A Note About Outages
Implementing PSQL's VACUUM Functionality to Manage Disk Space
Every fifteen minutes, my crawler runs and counts the words used in the top comments on a few subreddits. Each crawler run adds thousands of rows to my PSQL database. I only store one year of data for each of the subreddits that I track, so each crawler run also deletes thousands of rows from my PSQL database. The data that is older than that is purged via a database cleanup script tied to the crawler. I figured that this system would exist in equilibrium - an amount of data coming in and an equal amount being removed. This was not the case.
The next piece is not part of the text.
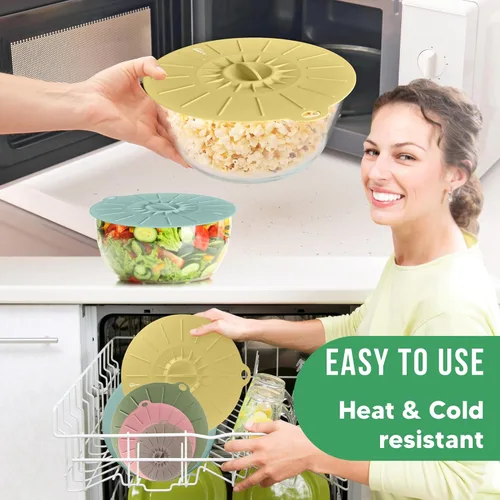 Vista 5 de Tapas de silicona para almacenamiento de alimentos, 6 unidades, 6 tamaños, grado alimenticio, fundas de silicona reutilizables para ollas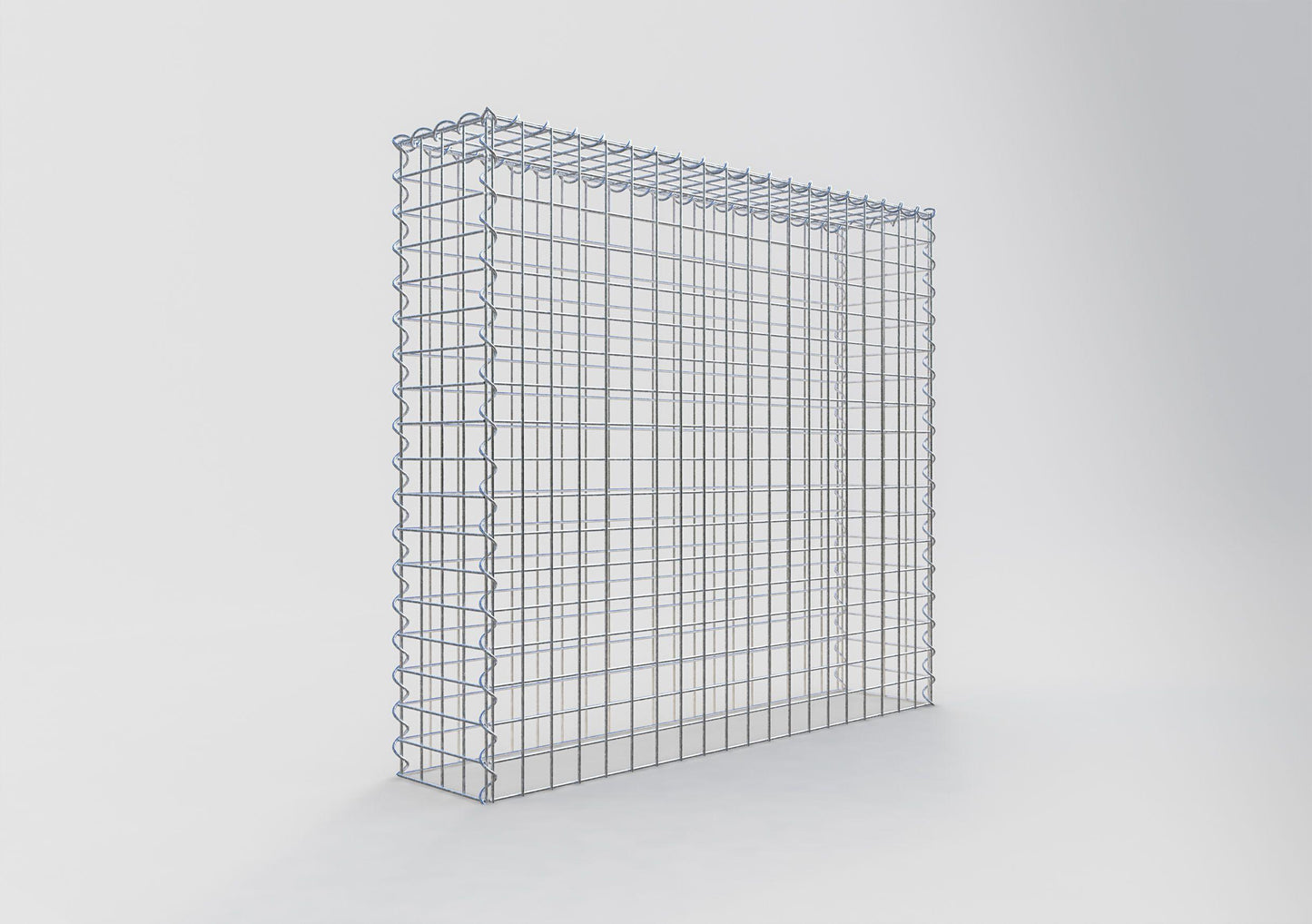 Gavión adulto tipo 3 100 cm x 90 cm x 20 cm (largo x alto x profundidad), tamaño de malla 5 cm x 5 cm, espiral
In fact, in normal operation, a DELETE operation in a PSQL database does not truly delete the record. The record exists, hidden, and linked to a transaction referred to as an UNDO. An UPDATE operation, which actually performs a DELETE followed by an INSERT, functions in a similar manner. These leftover records accumulated in my system for months. These leftover records are referred to as 'dead tuples' or 'bloat.' The result, on my t2.micro EC2 instance with 16Gb of storage space, is as follows:
I ran out of disk space and my crawler stopped working. Twice! The first outage was in early February, just after the 2020 Superbowl. I collected a few milion Tweets from the game and hit the disk space wall. I didn't notice that the crawler was not operational for a few weeks. When I did, I backed out the Tweets, cleaned up some old packages I wasn't using anymore, and away I went.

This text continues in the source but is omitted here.